爲了他,三十年來她從來不曾談過一場戀愛,拒絕了所有人的青睐,隻爲了等他一個未來,可他竟然帶着别的女人在她面前耀武揚威,還眼睜睜地看着那個賤人羞辱她!
厲皓軒蹙眉,正要開口,手機卻先一步響了起來,順手接通,是特助楊甯。
“總裁,唐心怡過來了,我給她轟走了!”
“晚了。”厲皓軒冷笑一聲,挂了電話,冷聲開口:“你住哪個酒店,我叫人送你過去。”
“皓軒,你什麽……意思?”唐心怡的臉色在肉眼可見的速度變得蒼白,身子搖搖欲墜了兩下,手中的化妝品套盒摔落在地。
沒錯,她就是故意的,那個賤人把她當成什麽了?一套化妝品?她沒錢買嗎!
厲皓軒皺眉,走過去将套盒拿起來,仔細了檢查一番,确定裏面的東西沒有碎,這才放心了不少。
男人的每一次仔細入微的觀察神色,好像那套化妝品套盒禮物就是童詩本人一樣,像一個個又響又亮的耳光,啪啪啪的扇在唐心怡的上臉,令她覺得那麽難堪。
“好歹、好歹我忙了一下午,還親自下了廚,你總要讓我……”她用手捂着唇,眼淚嘩啦啦地直流,哽咽道。
“今天是家宴,不方便。”厲皓軒拿出手機,給住在别墅偏棟的司機發短信:【馬上過來。】
“什、什……麽?!家宴?不方便?”唐心怡瞪大雙眼,雙眼紅紅的,兩行淚挂在保養的很好的臉蛋上。
任何男人見了這幅羸弱受傷的樣子,都會覺得我見猶憐。
“不管你怎麽進來的,以後記住,這裏不是你出現的地方。”厲皓軒不耐煩地重複,語氣近乎冷漠,看了看樓梯,發現上面沒什麽動靜,“至于你剛剛說的要訂婚,跟我沒有關系。聽清楚了?”
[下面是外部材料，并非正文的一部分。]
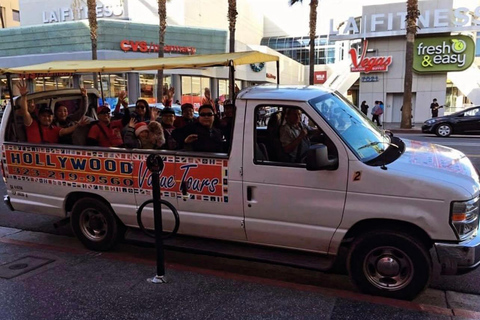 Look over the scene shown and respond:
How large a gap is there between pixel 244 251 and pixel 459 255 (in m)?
1.97

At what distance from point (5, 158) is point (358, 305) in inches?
186

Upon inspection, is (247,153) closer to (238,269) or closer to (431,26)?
(238,269)

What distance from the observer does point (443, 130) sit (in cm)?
1773

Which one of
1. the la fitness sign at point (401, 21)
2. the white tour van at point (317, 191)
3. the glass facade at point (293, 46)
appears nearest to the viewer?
the white tour van at point (317, 191)

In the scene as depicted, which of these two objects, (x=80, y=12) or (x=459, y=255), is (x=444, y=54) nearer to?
(x=459, y=255)

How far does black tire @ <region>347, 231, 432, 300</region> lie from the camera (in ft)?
11.5

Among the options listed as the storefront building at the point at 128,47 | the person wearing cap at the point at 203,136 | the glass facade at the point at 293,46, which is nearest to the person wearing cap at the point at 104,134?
the person wearing cap at the point at 203,136

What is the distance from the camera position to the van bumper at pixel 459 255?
11.0ft

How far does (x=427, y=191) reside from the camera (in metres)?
3.36

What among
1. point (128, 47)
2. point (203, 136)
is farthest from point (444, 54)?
point (203, 136)

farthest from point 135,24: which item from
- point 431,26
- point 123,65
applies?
point 123,65

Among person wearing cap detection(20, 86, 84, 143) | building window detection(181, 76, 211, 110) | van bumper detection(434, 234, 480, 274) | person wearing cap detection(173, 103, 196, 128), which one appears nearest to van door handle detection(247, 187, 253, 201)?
van bumper detection(434, 234, 480, 274)

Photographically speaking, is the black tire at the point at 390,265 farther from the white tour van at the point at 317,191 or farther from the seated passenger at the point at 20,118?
the seated passenger at the point at 20,118

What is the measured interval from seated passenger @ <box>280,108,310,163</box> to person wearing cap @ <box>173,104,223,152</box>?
2.59ft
唐心怡心底重重一疼,垂在身側的雙手開始顫抖,說不出任何話,卻隻感覺他是在抽自己的臉。
厲皓軒看到她的樣子,莫名地就想起五年前那些破爛事,當即臉色肅冷。
“這一次,念你是厲皓甯的朋友,我不追究。現在請你離開,我不想我女朋友誤會。”他沒了耐心,也不知道小丫頭和他兒子在做什麽,相處的好不好。
“厲皓甯的朋友?你一直都這麽看我?”那一刻,唐心怡地心都碎了,“我愛你那麽多年,你隻當我是你姐的朋友?”
“難道我表現的不明顯?看來五年前的拒絕沒有令你印象深刻!”厲皓軒陰鸷一笑。
天和地仿佛都調轉了九十度,唐心怡仿佛整個人被毫不留情地丢進了北冰洋中,與沉溺不盡的寒冷融爲一體。
五年前的那一幕,深刻無比!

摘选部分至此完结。